━━ STORED DATA
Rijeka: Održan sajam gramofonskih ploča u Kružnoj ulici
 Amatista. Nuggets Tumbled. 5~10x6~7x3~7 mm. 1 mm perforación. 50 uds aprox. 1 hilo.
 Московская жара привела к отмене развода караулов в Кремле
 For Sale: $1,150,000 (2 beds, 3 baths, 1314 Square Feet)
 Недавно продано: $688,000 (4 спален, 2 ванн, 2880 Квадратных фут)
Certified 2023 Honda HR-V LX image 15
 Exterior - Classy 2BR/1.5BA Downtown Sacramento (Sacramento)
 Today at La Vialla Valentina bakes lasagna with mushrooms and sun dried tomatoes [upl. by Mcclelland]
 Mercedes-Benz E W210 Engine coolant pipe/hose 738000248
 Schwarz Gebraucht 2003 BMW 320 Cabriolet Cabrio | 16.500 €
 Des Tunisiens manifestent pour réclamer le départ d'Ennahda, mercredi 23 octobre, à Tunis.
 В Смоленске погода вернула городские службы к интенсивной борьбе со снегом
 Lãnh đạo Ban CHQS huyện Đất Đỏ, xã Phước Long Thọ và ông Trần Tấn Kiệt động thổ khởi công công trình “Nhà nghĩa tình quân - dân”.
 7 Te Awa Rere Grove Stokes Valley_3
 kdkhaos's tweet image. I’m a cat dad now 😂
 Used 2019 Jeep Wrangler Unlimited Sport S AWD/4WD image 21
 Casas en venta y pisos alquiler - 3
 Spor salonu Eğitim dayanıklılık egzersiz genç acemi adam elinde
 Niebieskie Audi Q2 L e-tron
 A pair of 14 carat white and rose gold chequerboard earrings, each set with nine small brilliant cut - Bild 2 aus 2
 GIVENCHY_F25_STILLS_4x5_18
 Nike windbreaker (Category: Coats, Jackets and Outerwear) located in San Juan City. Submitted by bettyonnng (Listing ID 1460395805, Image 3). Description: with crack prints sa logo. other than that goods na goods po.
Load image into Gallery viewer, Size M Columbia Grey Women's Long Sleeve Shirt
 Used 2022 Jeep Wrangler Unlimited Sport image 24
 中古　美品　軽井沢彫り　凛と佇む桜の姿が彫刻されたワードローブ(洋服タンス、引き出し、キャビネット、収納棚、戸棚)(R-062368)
━━━━
**AIM OF THE EXERCISE:**
Starting with the line above that holds "Used 2019 Jeep" and stopping with the line that holds "Niebieskie Audi Q2 L e-tron", reproduce each line exactly, omitting all other lines.

**WRITTEN REPLY:**
 Used 2019 Jeep Wrangler Unlimited Sport S AWD/4WD image 21
 Casas en venta y pisos alquiler - 3
 Spor salonu Eğitim dayanıklılık egzersiz genç acemi adam elinde
 Niebieskie Audi Q2 L e-tron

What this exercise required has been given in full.